In its manifesto for the May 2018 general election (GE14), PH had pledged that the Sabah and Sarawak governments will be given the rights to make decisions in education and health matters.
However, politicians from ruling Gabungan Parti Sarawak – made up of parties which left Barisan Nasional following its historic defeat in GE14 – said they are in favour of decentralisation, but insist the federal government must provide funds for both sectors.
Sarawaks Local Government and Housing Minister Sim Kui Hian told CNA that the federal government should provide the state with money to carry out functions under the two sectors, in accordance to Article 80(5) of the Malaysia Agreement (1963).
“Sarawak's PH chairman Chong Chieng Jien had estimated that the annual expenditure for education and health amounted to RM8 billion,” he said.
The allocation to repair dilapidated schools nationwide in the 2020 budget is a significant increase from the RM100 million in that of the previous year.
However, it is still a reduction compared to the RM2.5 billion provided by the BN government in 2018.
Of the total, RM1 billion was for Sarawak, another RM1 billion for Sabah and the rest for schools in Peninsular Malaysia.
State Education Minister Michael Manyin urged the Finance Ministry to expedite approval for the RM1 billion, which would be deposited in a special account managed by the federal and state governments.
However, the Finance Ministry had said the funding was subject to four prescribed legal mechanisms, one of which required the state government to repay up to RM1 billion of its total debt to Putrajaya. The money will then be deposited into the Federal Government Consolidated Fund.
To date, the federal and state governments have not reached an agreement.
“Sarawak would not have dilapidated schools should the autonomy for education be returned to the state,” Mr Manyin told CNA.
COLLAPSED CANTEEN, OPEN-AIR LIBRARY
Two hours away from the state capital of Kuching, SK Kambug, another primary school in Padawan, relies on a piping system to draw water from the river as there is no direct clean water supply to the school.
A wooden bridge over the river leads students from the main road to the school perched atop a small hill.
As the school session ended, students were seen jumping over a large drain behind the school to get back to their hostel.
A mother, who only wanted to be known as Dayang, said she lives 20km away in Kampung Karu but sends her son to this school as the one in their village is already full.
“SK Puruh Karu in our village has a library and water supply, but when I tried to enroll my child last year, I was told the classrooms were packed.
“So I send my boy here and put him in the hostel here.
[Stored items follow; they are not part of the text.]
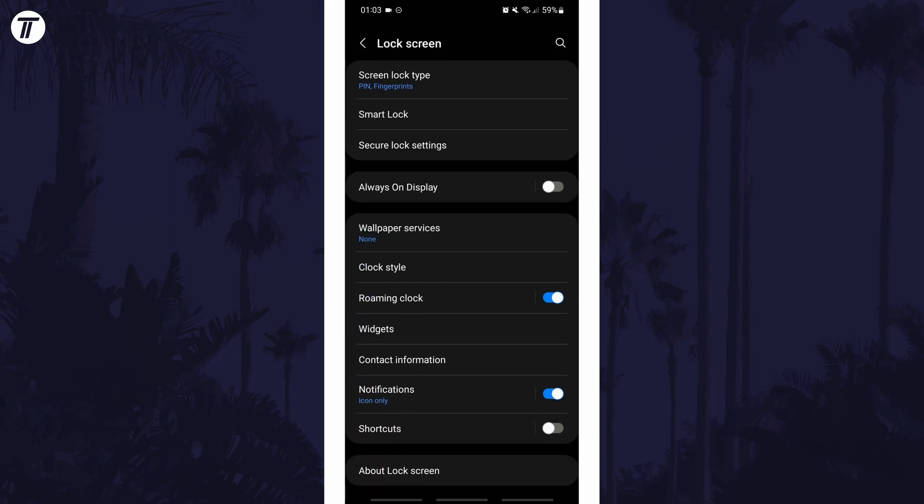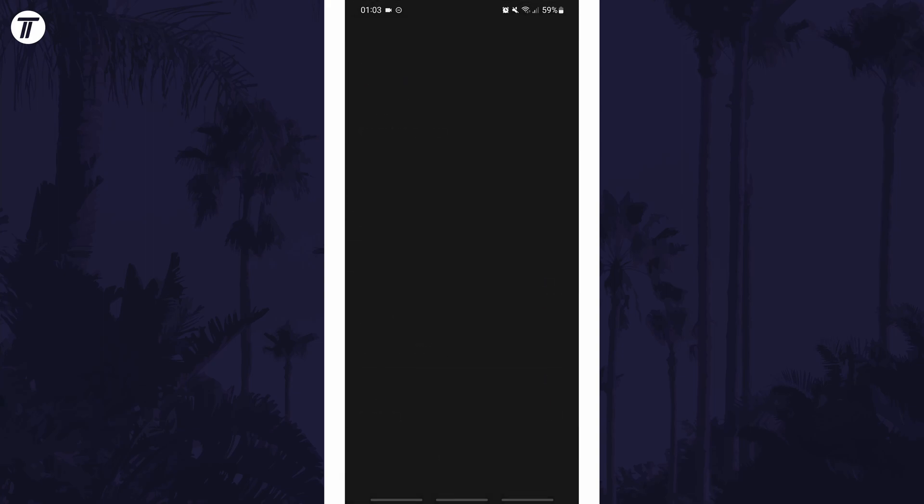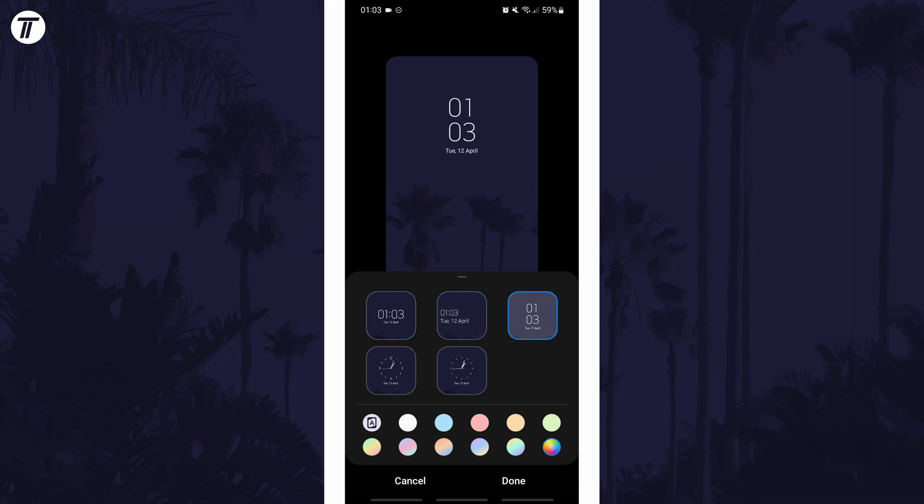In the lock screen settings, look down the list for an option called clock style. In here you can change the appearance and style of the clock as well as the color. Make sure you tap on done before leaving this page.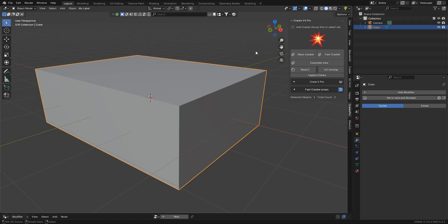Hey everybody, Mr. Steve here, and I've got the cracks add-on and a cool update with the UV Unwrapper.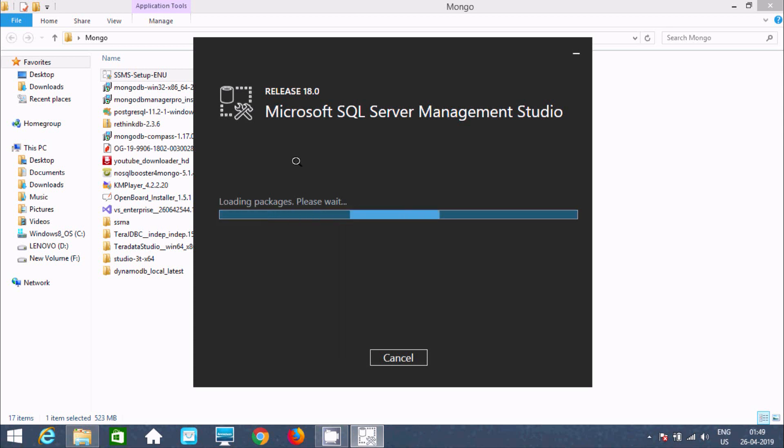Loading package, we should wait for a few seconds.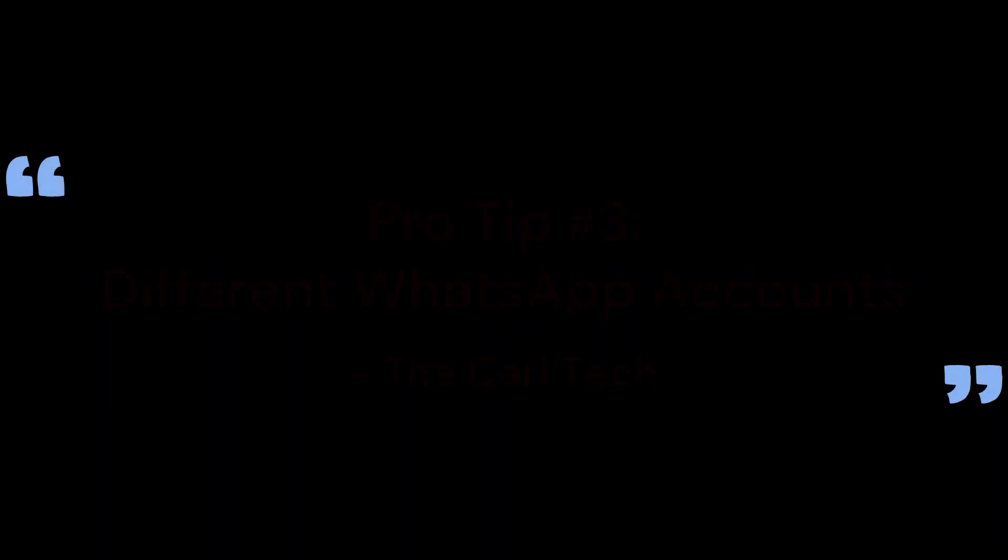Pro tip three: you are not limited to using just one WhatsApp number across all sessions. While this video shows how to configure multiple sessions under a single number, you can assign a completely different WhatsApp number to each session. And that's it! You've now successfully set up multiple WhatsApp bot sessions on a single server.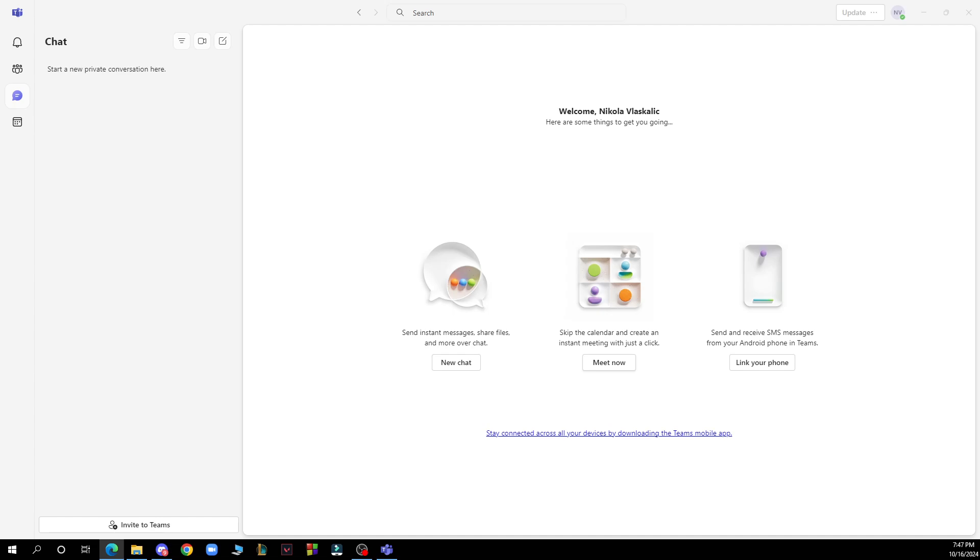As you can see on the left side of the screen, we have Activity, Community, Chat, and Calendar. In the bottom left corner we have Invite to Teams, and the search bar at the very top of the screen.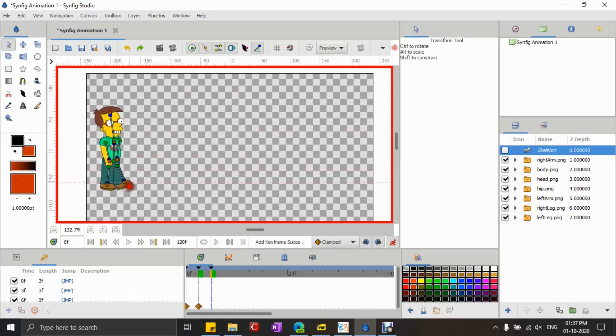Here I'm using guides to mark the positions of the legs. You can pull the guides by left-clicking at the scale at the top or left of the canvas and dragging it towards the canvas.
We do have to pay more for the travel and its not easy for my husband and I, but we want our boy to go to school instead of suffering like us,” she said.
SK Puruh Karu, although equipped with clean running water and subscription to satellite television, is infested with termites.
Its termite-infested canteen had collapsed following a storm and has not been fixed for over a year, so meals have to be delivered to the school as part of a government-run food programme.
There is a playground within the school compound but the kids are forbidden to go near.
“We do not allow children around the playground as the equipment has all rusted,” said the schools assistant student manager Narolah Barahim.
“The chairs and tables in most classrooms are in a deplorable state and sometimes the children get their hands or legs stuck in the broken hinges,” she added.